The Magdalene Diaries
Worst Choir Ever
Listening to Alanis is as pleasurable as a toothache for me, but I did take time to look up the lyrics to this and it’s a good ‘un. I might reverse the gender and have a bash at my own version since it fits a couple of people I’ve known perfectly like a glove!
Yes Baz, it could work equally well with the genders reversed I am quite sure…we are all a composite of male and female qualities whether we know/acknowledge it or not. The female advantage is that it is more socially acceptable for a woman to display ‘masculine’ traits than for a male to show ‘feminine’ ones. I am definitely a loser in love as I’m drawn to a narcissist just as Alanis so eloquently describes. The heart wants what it wants, I am a loser in life, in love, frankly I want to die so badly and have for years. Do you remember a song that goes ‘I would rather go blind than see you walk away from me’? I want to be blind to all the ugliness this world holds Baz. I simply can’t let myself see it anymore, it has made me so very ill for so many years, enough is enough, let’s keep dreaming hey?

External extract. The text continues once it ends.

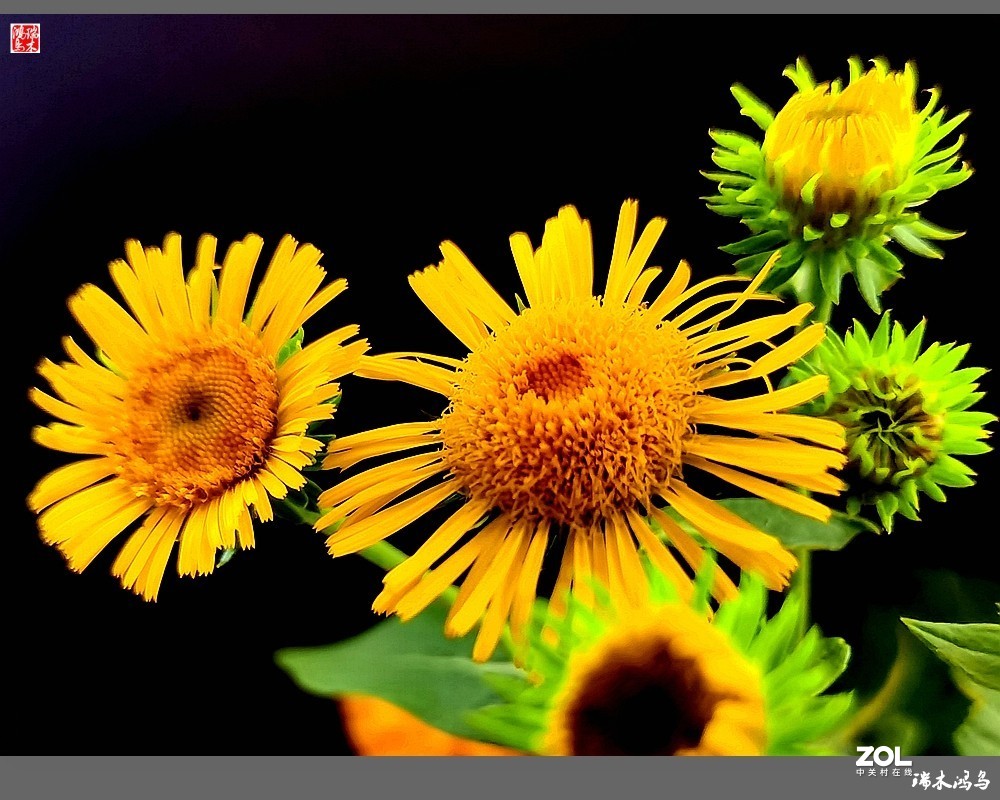 【小院的花】6.平凡的野菊花——旋覆花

On 23 October 2015 at 22:26, Am I Still Ill? wrote:
Oh yes… indeed we are all a composite of masculine and feminine traits and therein lies one of my biggest problems since as you say and know, it’s not “socially acceptable” for men to show their feminine side. A major reason why I have no actual male friends any more is because I freak them out. I’ve always been tuned into and accepting of my feminine traits. Unfortunately, virtually every man I’ve known is in constant denial of that side of themselves. That’s caused no end of conflict and lack of acceptance on THEIR part towards me. I can’t relate to mens obsession with things like football, beer and that whole “lads” culture thing. I’ve always got along better with females and they tend to relate to me better than other guys.
As for my “love life”… well, to tie it in with what I just wrote above, there is a very good reason why when I get round to officially changing my name that one of my middle names will be “Ophelia” – the only Shakespeare character I can fully understand and relate to. A LOT of parallels there between me and Ophelia. Too many.
Wish I was peacefully and photogenically drowned at the bottom of a lake myself Baz, this movie has gone on way too long lol. I hope you’re not thinking of having a sex change, aaaargh?